### Data
.....

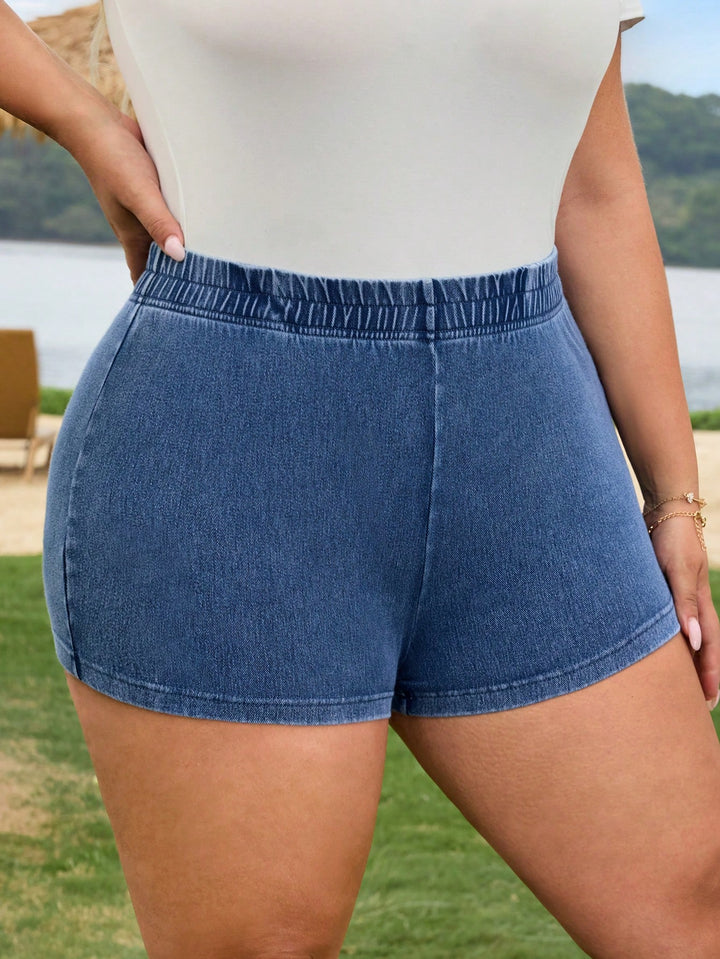 Pantaloni scurți SHEIN, albastru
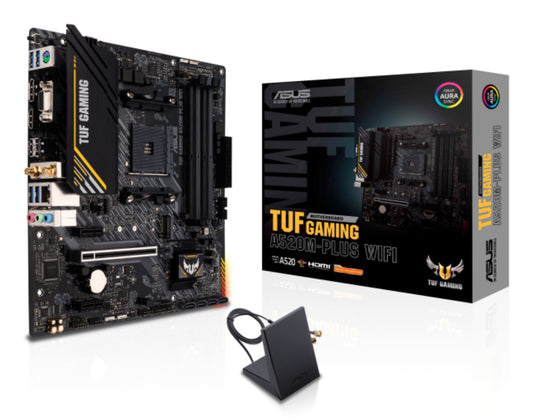 ASUS TUF GAMING A520M-PLUS WIFI AMD A520 Socket AM4 micro ATX Motherboard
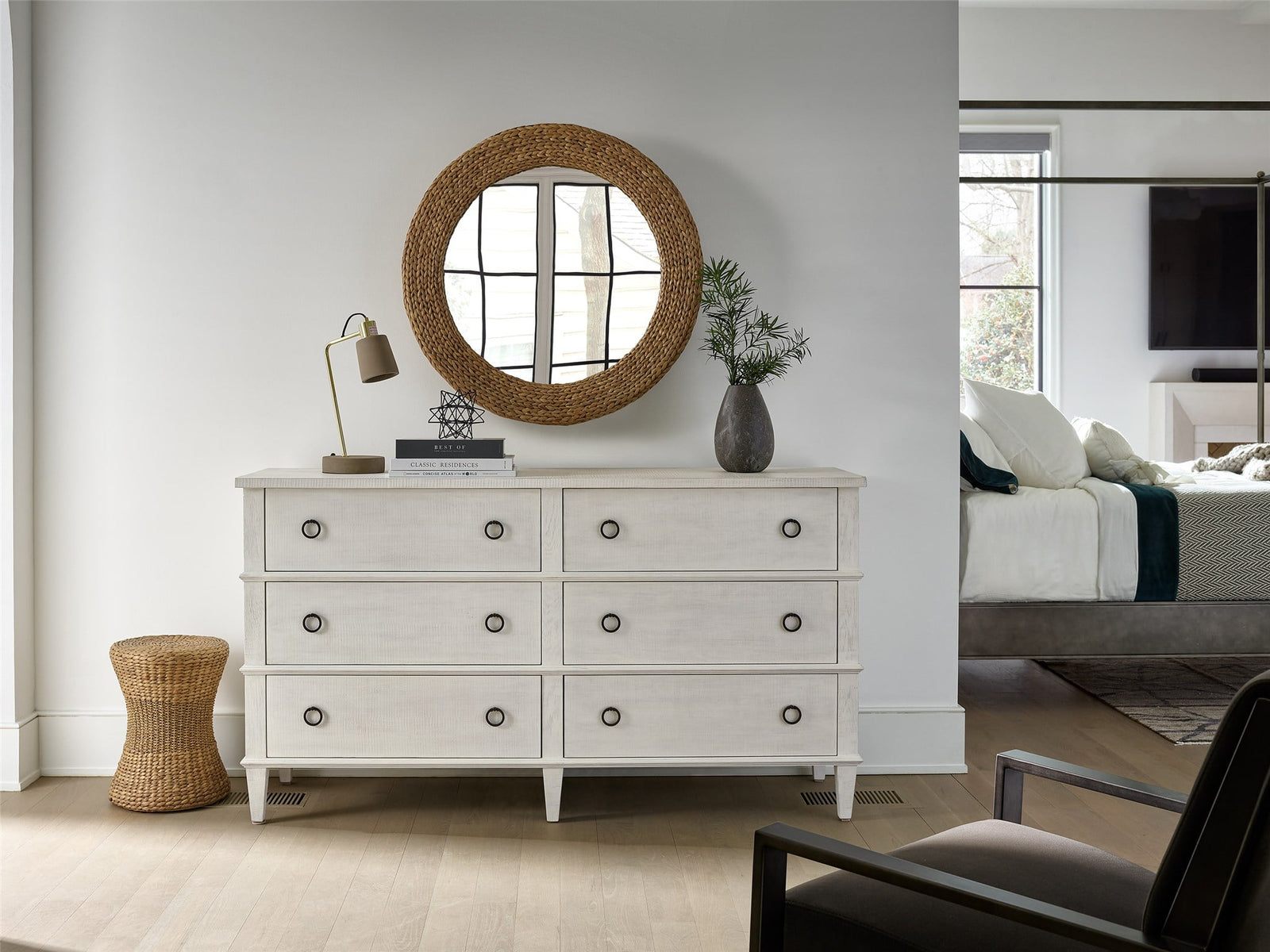 Modern Farmhouse Six Drawer Dresser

.....

### Exercise objective
Reproduce the full listing verbatim so that only the pictures are missing.

### Solution for this problem
 Pantaloni scurți SHEIN, albastru
 ASUS TUF GAMING A520M-PLUS WIFI AMD A520 Socket AM4 micro ATX Motherboard
 Modern Farmhouse Six Drawer Dresser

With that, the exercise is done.